Requirement:
Repeat precisely the span of lines below that opens with the line containing "Band Tees 🔥" and closes with the line containing "דירת 2 חד׳ למכירה בגבעתיים — פינוי-בינוי", both included.

Given data:
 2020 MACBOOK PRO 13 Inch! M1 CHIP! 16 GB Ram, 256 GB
==
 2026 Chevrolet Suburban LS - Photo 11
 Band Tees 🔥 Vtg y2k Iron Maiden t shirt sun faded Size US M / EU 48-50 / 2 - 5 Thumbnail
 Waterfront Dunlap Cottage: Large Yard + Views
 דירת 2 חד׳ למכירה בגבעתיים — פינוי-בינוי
==
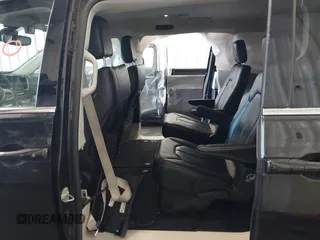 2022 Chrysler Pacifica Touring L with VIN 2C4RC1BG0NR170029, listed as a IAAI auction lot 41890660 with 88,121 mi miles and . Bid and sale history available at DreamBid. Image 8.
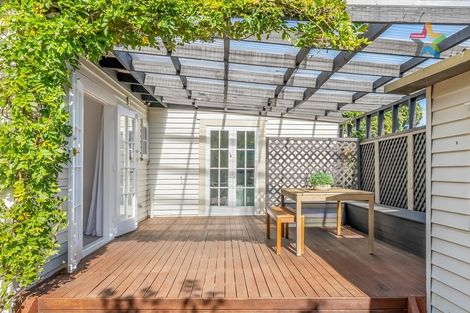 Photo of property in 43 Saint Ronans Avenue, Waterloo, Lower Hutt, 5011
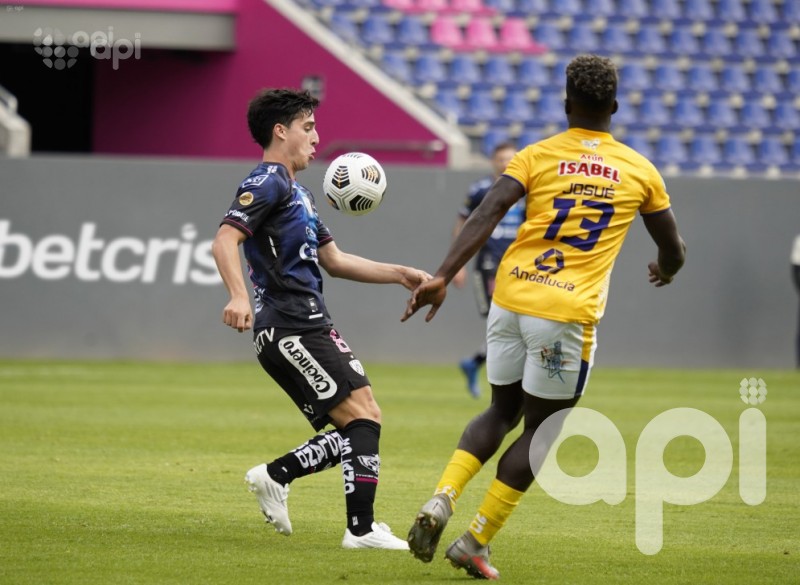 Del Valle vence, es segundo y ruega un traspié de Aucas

Problem solution:
 Band Tees 🔥 Vtg y2k Iron Maiden t shirt sun faded Size US M / EU 48-50 / 2 - 5 Thumbnail
 Waterfront Dunlap Cottage: Large Yard + Views
 דירת 2 חד׳ למכירה בגבעתיים — פינוי-בינוי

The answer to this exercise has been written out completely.